Erstmal ein dickes Lob-hätte mal lieber vorher ein wenig lesen sollen, nun muß ich sehen, dass ich meine Anfängerfehler ausbügeln kann. Bevor ich alles wieder auseinanderreiße, wollte ich nochmal fragen, ob ich alles richtig verstanden ahbe, weil manches ein wenig kontrovers diskutiert wird.
Erstmal ein paar Infos zu meinem Teich:
2 alte Barriquefässer (gebraucht), Durchmesser 70 cm, Höhe 68 bzw. 46 cm, mit Kupferrohren verbunden, so dass ein kleiner Bachlauf von Fass zu Fass entsteht.

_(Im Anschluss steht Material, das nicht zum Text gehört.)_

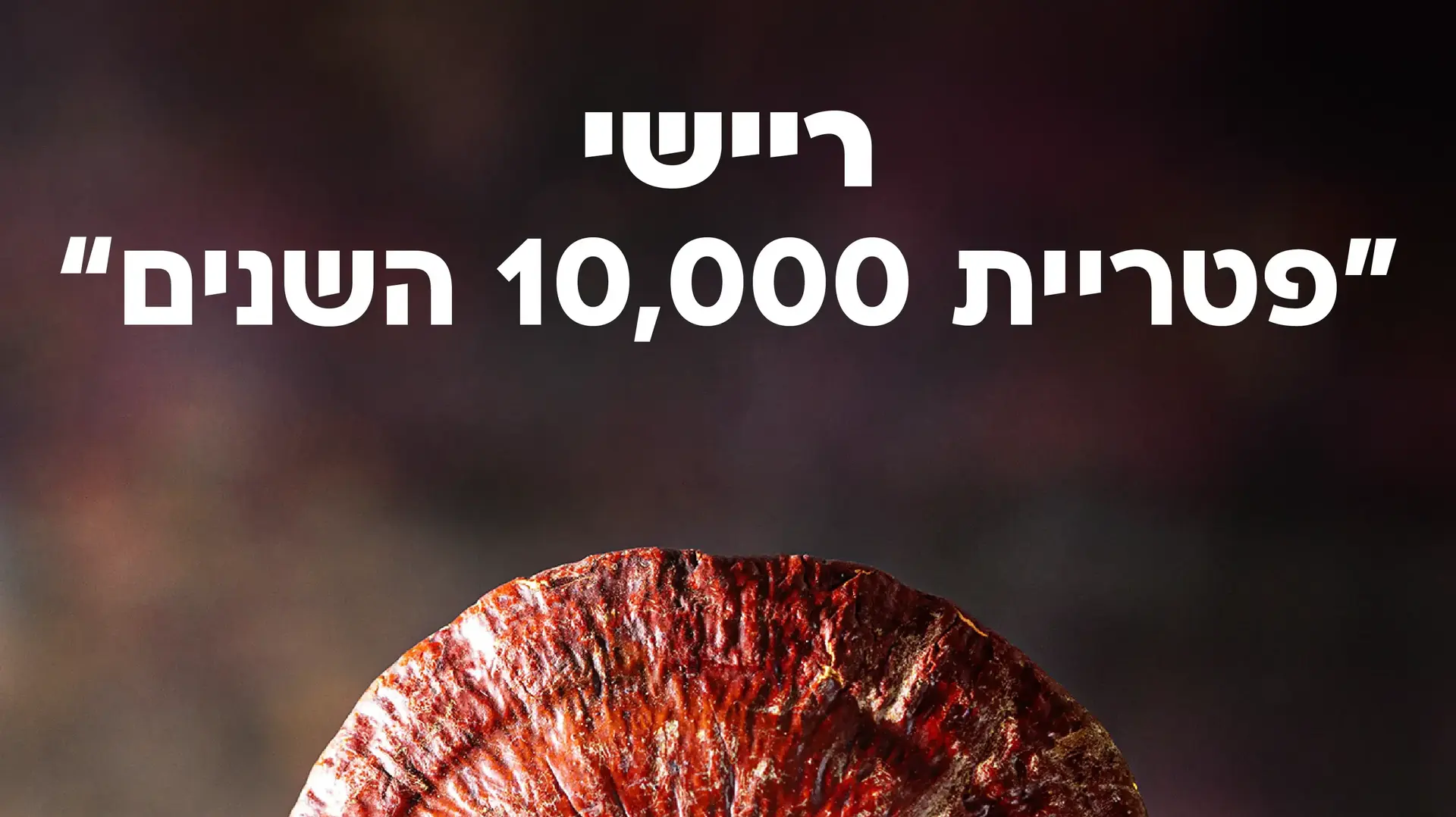 ריישי תכונות ריישי תכונות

Das Wasser fließt durch eine grobe Kieselschicht in einen Plastikkübel, der in mein Beet eingelassen ist. Hier steht die Pumpe und pumpt alles in das große Fass zurück. Im großen Fass: 1 Kalla, 1 Teichmummel, eine Sauerstoffpflanze (die aus den Aquarien) und zwei Gräser (weiß leidere gerade peinlicherweise die namen nicht), im kleinen Fass: 1 Seerose, eine Kalla, eine Sauerstoffpflanze, eine __ Iris und ein Gras- hoffe, die Photos helfen weiter...

Habe die Pflanzen in Pflanzkörbe gepflanzt und auf KalkSandsteine gestellt, um die Pflanztiefe hinzubekommen.

Fehler/FRagen:

1. Fehler: Kalk-Sandstein?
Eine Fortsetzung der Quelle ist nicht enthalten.